= Beginning of Section =

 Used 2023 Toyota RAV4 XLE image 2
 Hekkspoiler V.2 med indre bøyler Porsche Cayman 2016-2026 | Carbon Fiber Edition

= End of Section =
= Beginning of Section =

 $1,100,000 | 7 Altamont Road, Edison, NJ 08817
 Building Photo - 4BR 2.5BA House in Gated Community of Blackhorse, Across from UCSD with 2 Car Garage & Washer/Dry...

= End of Section =
= Beginning of Section =

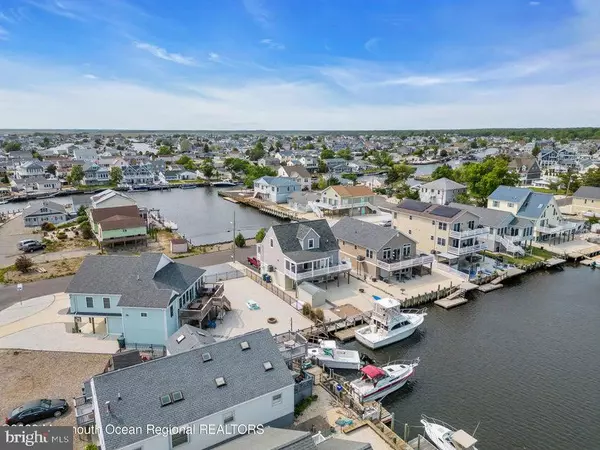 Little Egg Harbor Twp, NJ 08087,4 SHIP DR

= End of Section =

From the records above, repeat exactly the lines from the one with "Used 2023 Toyota RAV4 XLE image 2" through the one with "Hekkspoiler V.2 med", both included.

— Answer —
 Used 2023 Toyota RAV4 XLE image 2
 Hekkspoiler V.2 med indre bøyler Porsche Cayman 2016-2026 | Carbon Fiber Edition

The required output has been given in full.